The Paper Skies series demonstrates form-based subject intent through carefully-composed photographic abstractions whose actual subject matter is the sky. Biondo states that her inspirations include the geometric forms of modernist painters such as Frank Stella, Mark Rothko, Barnett Newman and Georgia O’Keeffe; as well as minimalism, color field, and hard edge abstraction art movements in general. Biondo’s emphasis on atmospheric color and light, her interest the properties of natural light and our perception of it, also references the Light and Space movement of Southern California in the 1960’s. The work is produced by a simple process; printed photographs of blue sky, gray clouds, and warm sunsets are cut, folded, and re-photographed against the sky. By means of dye sublimation, the new images are printed onto transfer paper that is affixed to an aluminum substrate.
I was particularly drawn to Paper Sky No. 27: the complementary colors of orange and blue create a striking composition and it is interesting to consider that Biondo has used no digital manipulation. She wants the viewer to consider the photo as object, for her the physical properties are as important as the image, so she not only takes a photograph, she then physically manipulates it, by folding, rolling or cutting. In doing so, she introduces an ambiguity between the real and the reproduced, allowing the original print to be seen in a new context.
In contrast, the more traditional framed works from the Playground series demonstrate expressive subject intent with playground structures as the actual subject matter. Biondo’s Playground series was published as a book titled, Once Upon a Playground in 2014, and the images depict these play structures, ubiquitous in the American landscape of the twentieth century as languishing in various degrees of obsolescence.

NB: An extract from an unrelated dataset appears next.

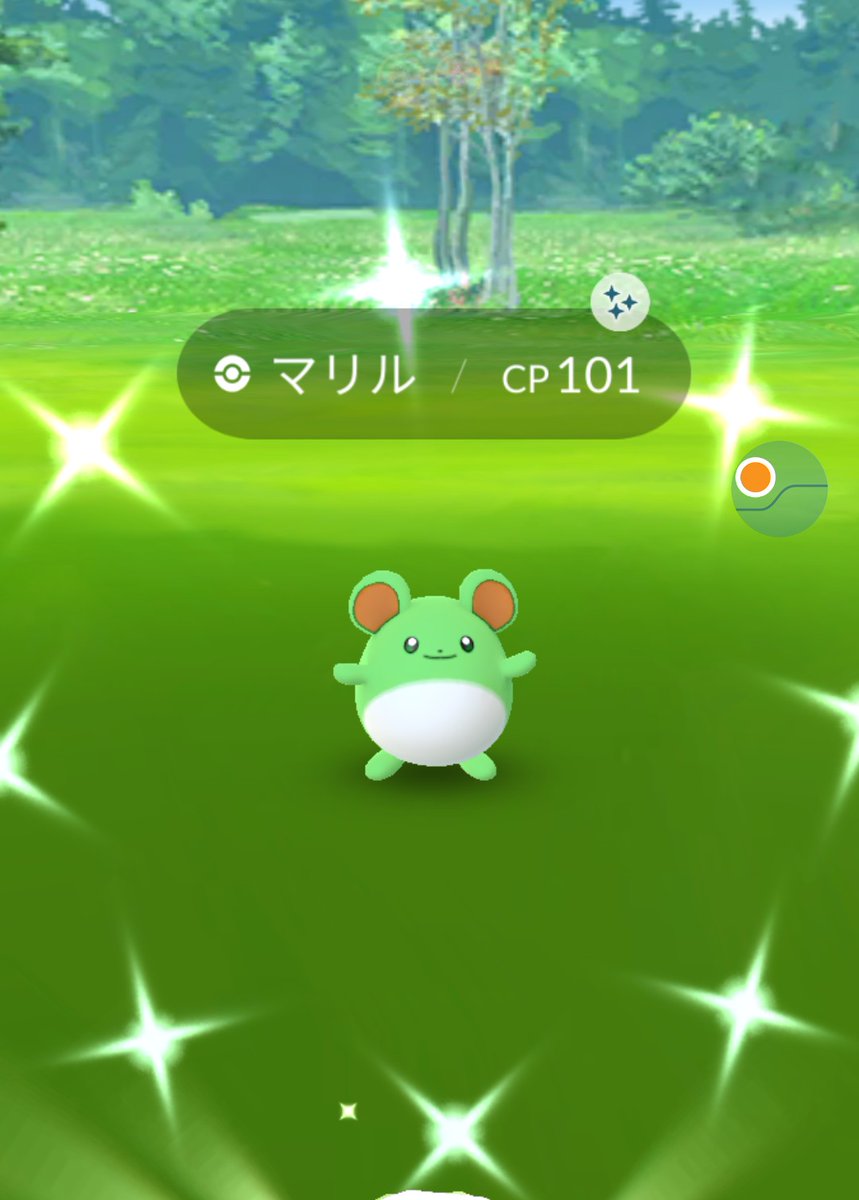 昨日寝る前のマリル 今日は色違い出ませんでしたね 一足早く通常運転に戻ってしまったかも 残念 でも久しぶりにヒトモシ見つけた ポケモンgo ツイレポ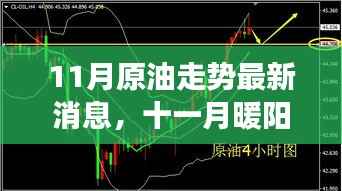 十一月暖阳下的原油之旅,走势最新消息与友情陪伴的温馨故事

Interesting supplemental information about the history of playgrounds supported the exhibition. As noted in the show, playgrounds were initially seen as modern symbols of mid-century leisure. Biondo researched the history of modern playgrounds stating they began as early as the late 1800s in crowded cities. These early playgrounds, called sand gardens, were first popular in Germany. Early on, American equipment manufactures created structures for swinging, climbing and sliding. These playgrounds were typically supervised with trained instructors leading the children. In 1906, the playground association of America was founded. Biondo goes on to describe what structures were most popular in the different eras, for example from pop culture cartoon characters and cowboys of the 1950s to rocket ships and freeform abstract structures of the 1960s. This group of images are not as abstract as the Paper Skies series, yet are created with an abstract approach and unconventional composition.